The real-time low latency multi channel audio streaming needed for musicians is awfully similar to the real time low latency multi channel audio streaming required for telephony.

Yet somehow the two industries have pretty much entirely different tech stacks and don't seem to talk to one another.

▲

dagmx 6 hours ago | parent | next [-]

This is very much not true.

Telephony is significantly less latency sensitive than real time audio processing, it’s also significantly less taxing since you’re dealing with a single channel.

The level of compression and audio resolution required are significantly different too. You can tune codecs for voice specifically, but you don’t want compression when recording audio and can’t bias towards specific inputs.

They’re only similar in that they handle audio. But that’s like saying the needs of a unicycle and the needs of an F1 car are inherently the same because they have wheels.

▲

NikolaNovak 4 hours ago | parent | prev | next [-]

Most telephony I've experienced has latency measured in seconds (if you ever call your friend or spouse sitting next to you it becomes very obvious :) vs audio recording and processing which is measured in milliseconds.

Additionally, from what little I'm aware of, telephony is heavily optimized for particular frequencies of human voice and then heavily compressed within that. As well, any single telephony stream is basically a single channel. A song may have dozen of channels, at high resolution, full spectrum, all sorts of computationally demanding effects and processing, and still need latency and sync measured on milliseconds.

So... Kind of the opposite of each other,while both being about processing sound :-).

▲

embedding-shape 5 hours ago | parent | prev | next [-]

I feel like equating telephony and music production is like saying writing firmware and a HTTP/JSON backend for a website is the same. True, both are programming I suppose, but vastly different requirements, assumptions and environments.

▲

sroerick 6 hours ago | parent | prev | next [-]

This is a very interesting thought. I'm not super experienced with low level audio and basically completely ignorant of telephony.

I feel like most people doing audio in music are not working at the low level. Even if they are creating their own plugins, they are probably not integrating with the audio interface. The point of JACK or Pipewire is to basically abstract all of that away so people can focus on the instrument.

The latency in music is a much, much bigger issue than in voice, so any latency spike would render network audio completely unusable. I know Zoom has a "real time audio for musicians" feature, but outside of a few Zoom demos during lockdown, I'm not sure anybody uses this.

Pipewire supports audio channels over network, but again I'm not entirely sure what this is for. Certainly it's useful for streaming music from device A to device B, but I'm not sure anybody uses it in a production setting.
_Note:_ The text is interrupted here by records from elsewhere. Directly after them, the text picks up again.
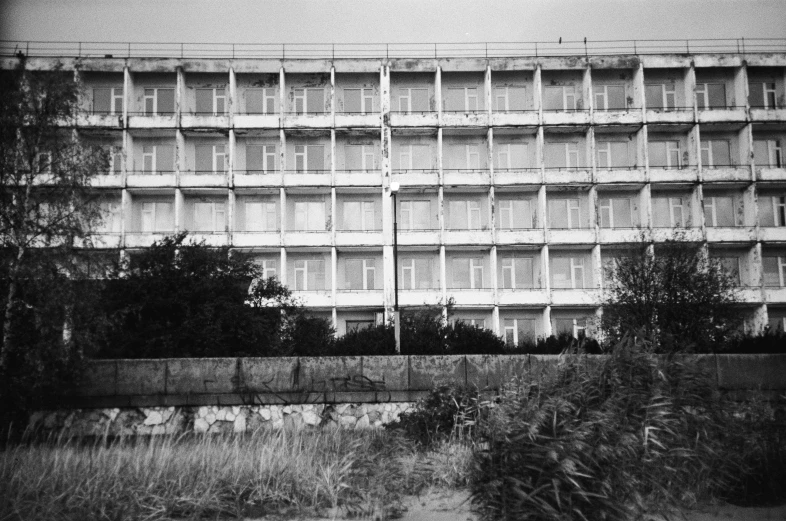 an old building sitting near some plants and water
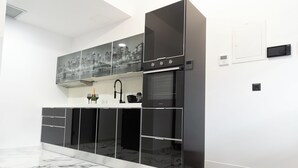 A modern kitchen with a black and white color scheme, featuring a built-in oven, a wine bottle, and a cityscape artwork on the wall. - Apartment with jacuzzi and sauna.Fully furnished with kitchen absolutely private (Katie patisia)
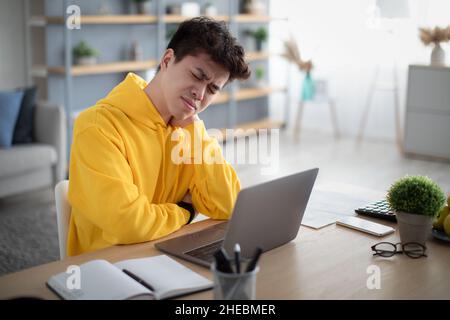Gestresster asiatischer Mann, der am Schreibtisch mit pc sitzt Stockfoto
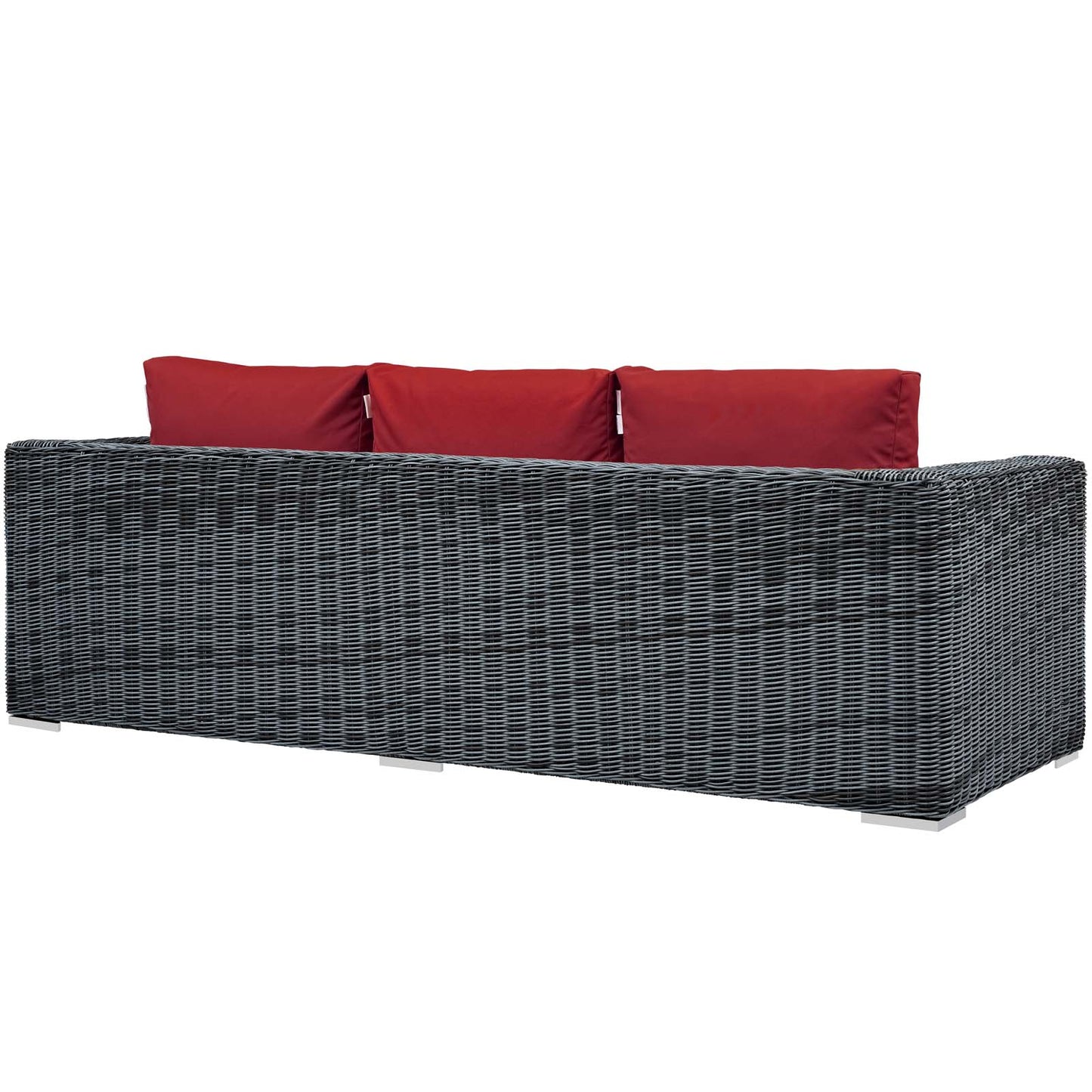 Grey wicker outdoor sofa with red cushions, modern patio seating, rectangular low-profile frame.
I could see something like a "live coding symphony", where people have their own livecoding setups and the audio is generated on a central server. This is not too different than what, say, Animal Collective did. But while live coding is a beautiful medium on its own, it does lack the muscle memory and tactile feedback you get from playing an instrument.

I would love to see, as you said, these fields collaborate, but these, to me, are the immediate blockers which make it less practical.

▲

qwertox an hour ago | parent | next [-]

"Even if they are creating their own plugins, they are probably not integrating with the audio interface".
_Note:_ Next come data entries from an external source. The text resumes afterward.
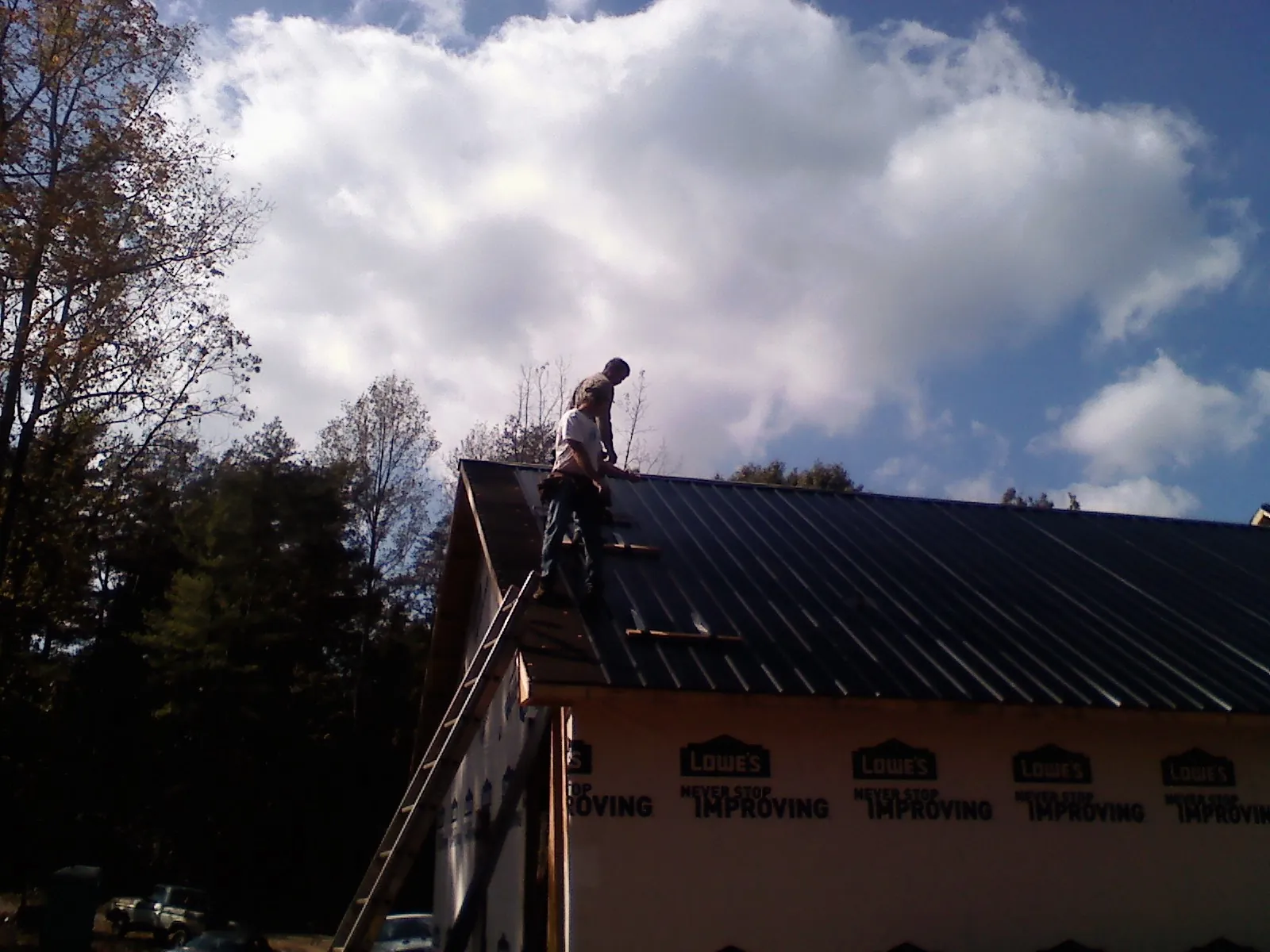 Roofer fastening dark metal panels high against a cloudy sky, from a Roof Inspection job in Cobb Island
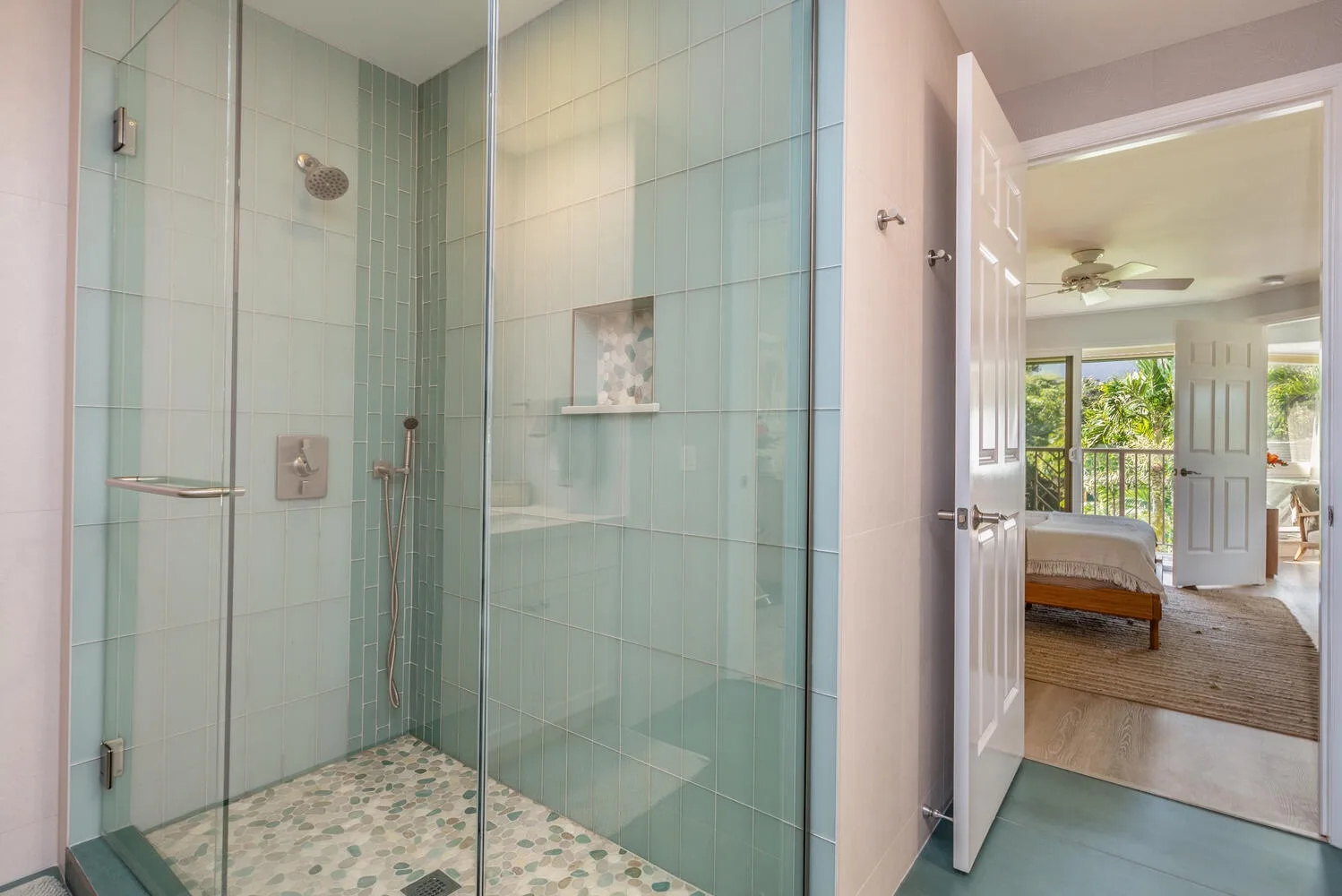 A glass-enclosed shower opens onto a bedroom with a bed and ceiling fan.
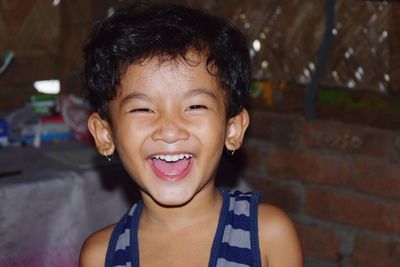 Close-up portrait of happy cute girl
The audio interface is abstracted away in exchange for some metadata about the buffer's properties and the buffer itself, and that is true for basically everything related to audio: the buffer is the lowest level the OS offers you, and you are free to implement lower-level stuff in your dsp/instrument, like using assembly, maybe also functions for SSE, AVX or NEON based acceleration.

You get chunks of samples in a buffer, you read them, do something with them and write the result out into another buffer.

"Pipewire supports audio channels over network" thanks for reminding me: I'm planning to stream the audio out of my Windows machine to a raspi zero to which I will then connect my bluetooth headphones. First tests worked, but the latency is really bad with shairport-sync [0] at around 400 ms. This is what I would use Pipewire for, if my workstation were Linux and not Windows.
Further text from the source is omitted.